LEVEL 1 - 17 OF 183 STORIES

Copyright 1996 The Scotsman Publications Ltd.

The Scotsman

April 9, 1996, Tuesday

SECTION: Pg. 5

LENGTH: 1787 words

HEADLINE: Military accused of deliberate hoaxes over UFO sightings

BYLINE: Martin Hannan

BODY:

MILITARY authorities are not covering up large-scale contact with

extra-terrestrial life, according to a researcher into UFOs.

Instead they are covering up many of their own secret activities, Duncan

Lunan , a researcher into unexplained phenomena, told an audience at the

Edinburgh International Science Festival.

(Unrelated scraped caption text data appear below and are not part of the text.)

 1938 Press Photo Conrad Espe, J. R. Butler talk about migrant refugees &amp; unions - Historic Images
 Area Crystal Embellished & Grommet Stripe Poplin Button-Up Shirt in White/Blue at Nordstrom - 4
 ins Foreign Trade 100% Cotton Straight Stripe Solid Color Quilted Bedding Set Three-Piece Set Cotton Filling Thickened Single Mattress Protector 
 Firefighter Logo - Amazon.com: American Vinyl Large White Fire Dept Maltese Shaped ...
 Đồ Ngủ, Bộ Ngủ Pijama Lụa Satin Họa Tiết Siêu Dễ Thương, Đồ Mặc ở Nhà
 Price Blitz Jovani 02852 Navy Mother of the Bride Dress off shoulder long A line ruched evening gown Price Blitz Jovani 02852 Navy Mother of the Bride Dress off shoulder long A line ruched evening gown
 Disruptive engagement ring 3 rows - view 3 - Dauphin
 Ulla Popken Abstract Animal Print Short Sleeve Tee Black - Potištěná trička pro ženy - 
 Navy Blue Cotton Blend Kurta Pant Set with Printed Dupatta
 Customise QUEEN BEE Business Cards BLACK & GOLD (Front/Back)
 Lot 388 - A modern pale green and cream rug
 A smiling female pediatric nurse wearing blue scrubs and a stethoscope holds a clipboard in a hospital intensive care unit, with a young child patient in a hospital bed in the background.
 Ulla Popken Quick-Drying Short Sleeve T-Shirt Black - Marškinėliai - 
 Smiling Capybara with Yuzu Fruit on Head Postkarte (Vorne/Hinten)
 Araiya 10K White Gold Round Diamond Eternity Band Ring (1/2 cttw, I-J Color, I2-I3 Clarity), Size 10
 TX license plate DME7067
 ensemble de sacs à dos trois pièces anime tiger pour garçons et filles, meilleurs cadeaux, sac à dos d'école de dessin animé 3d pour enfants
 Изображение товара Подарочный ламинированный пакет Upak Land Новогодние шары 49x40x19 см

According to Mr Lunan, many other UFO sightings and "close encounters" are deliberate hoaxes either falsified by the military to discourage investigation

of their activities or caused by mischief-makers.

In a lecture which set out to demolish many UFO myths - to the dismay of

some of the audience - Mr Lunan demonstrated that UFO sightings could be

explained by natural phenomena such as meteorites, or by people encountering

military testing of secret hardware.

He also said that his researches had shown that statistics on UFOs - the

so-called "5 per cent" claim in which one in 20 UFOs are said to be genuinely unidentified - came about because of an international agreement that any

satellite or rocket pieces should be returned immediately to their country of

origin.

He explained: "If bits of Russian or a Chinese spy satellite, for instance, fall on Western territory they are immediately classified as UFOs, so that you don't have to hand them back to their country of origin but can hand them over

to the intelligence services."

He added: "Hoaxes feature a lot in the equation. Some of those hoaxes are

deliberately promoted by the military authorities in order to deflect

attention from their activities."

Mr Lunan said he had been told by intelligence officers that the "5 per

cent" of UFOs over the UK during the Cold War had included planes bringing in drug smugglers and illegal immigrants in order to confuse the Soviets as to what had really been identified.

He also said such famous UFOs as the original "flying saucer" sighting in 1947 and the Roswell incident in New Mexico could now be explained by the

release of information about "flying wing" aircraft and remote-controlled

pilotless vehicles (RPVs) which were in development by the US military in those areas at the time.

He added: "It would also explain why so many visitors to US Air Force bases claim to have glimpsed UFOs through hangar doors, which in turn led to

suggestions that the US government was in contact with aliens."

The most famous incident in Scotland involving a close encounter - "the only one in the world with a local authority plaque to mark the spot", said Mr Lunan - was Bob Taylor's report of an encounter with a downed UFO near Livingston in the 1970s.

Mr Lunan said that a journalist who dealt with the local police on the night that it happened and Mr Taylor himself later said the original police report

contained details of a caterpillar-track vehicle which attacked Mr Taylor and

slashed his trousers, a detail which has been left out of the official report of the incident.

Mr Lunan said that a more plausible explanation was that Mr Taylor had seen a military operation to recover a downed pilotless aircraft using a

"wheelbarrow" bomb disposal type now familiar from its use in Northern Ireland.

Mr Lunan added that "atmospheric phenomena" could explain many other UFOs.

"With Venus brilliant in the evening sky at the moment it is no coincidence we are experiencing a wave of UFO sightings in Scotland."